• Aviva, Direct Line Insurance Group, RSA Insurance Group and Hiscox all agreed to suspend dividends
  • The Bank of England strongly urged insurers to scrap dividends
  • European, Australian regulators asked their insurers to stop dividends


An increasing number of British insurance companies have decided to cancel billions of pounds of dividend payments in order to maintain significant cash levels during the coronavirus pandemic.

Aviva, Direct Line Insurance Group, RSA Insurance Group and Hiscox Ltd., an underwriter at Lloyds of London, were among the insurers to halt their dividends.

The Bank of England praised the decision, saying: “We welcome the prudent decision from some insurance companies [Wednesday] to pause dividends given the uncertainties associated with COVID-19.”

Most large British banks agreed to scuttle their dividends last week.

“This is a difficult decision, not least in terms of the initial impact it will have on shareholders,” said RSA Chairman Martin Scicluna. “No company exists in a vacuum and at this time we judge it to be in the best long-term interests of RSA to show forbearance on dividends and maximize our capability to support customers under the terms of their respective policies and play our part in industry initiatives to support relief efforts.”

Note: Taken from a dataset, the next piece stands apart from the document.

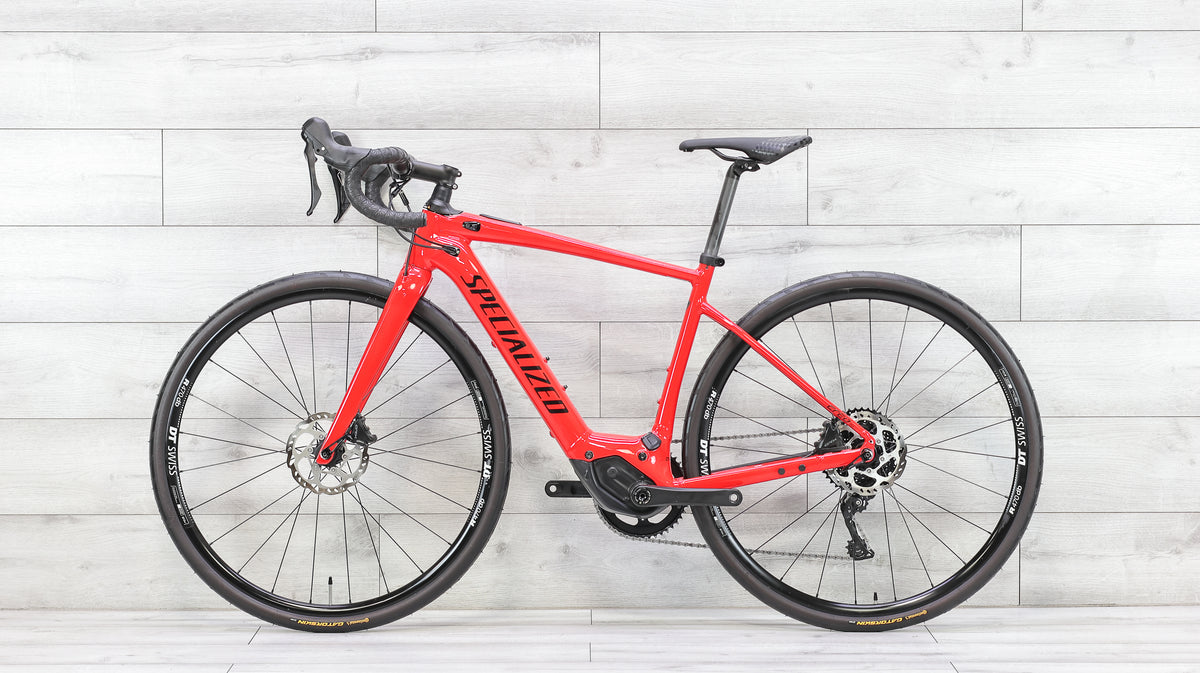 Specialized Turbo Creo SL Comp E5 Road E-Bike - 2020, Medium
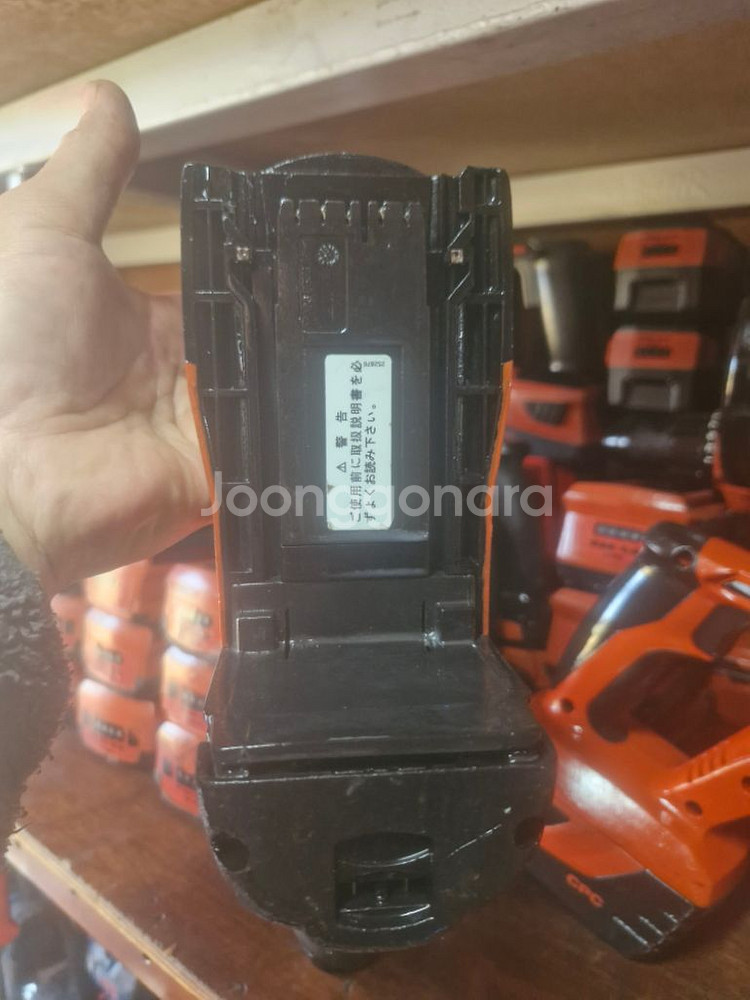 [HILTI]힐티충전함마드릴 TE6A36AVR 앙카드릴--5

Aviva said it remained “well capitalized with strong liquidity” and that the retention of its final dividend in early March will boost its capital ratio by about 7% to approximately 182%.

Hiscox also said it will not conduct any stock buybacks.

“COVID-19 presents an unprecedented global challenge... It is too early to assess the impact of changes in customer behavior that will arise given the broader consequences,” said Direct Line Chief Executive Officer Penny James.

The Bank of England had earlier advised the insurance industry to suspend dividends as it faces likely heavy costs and losses from the spread of the virus.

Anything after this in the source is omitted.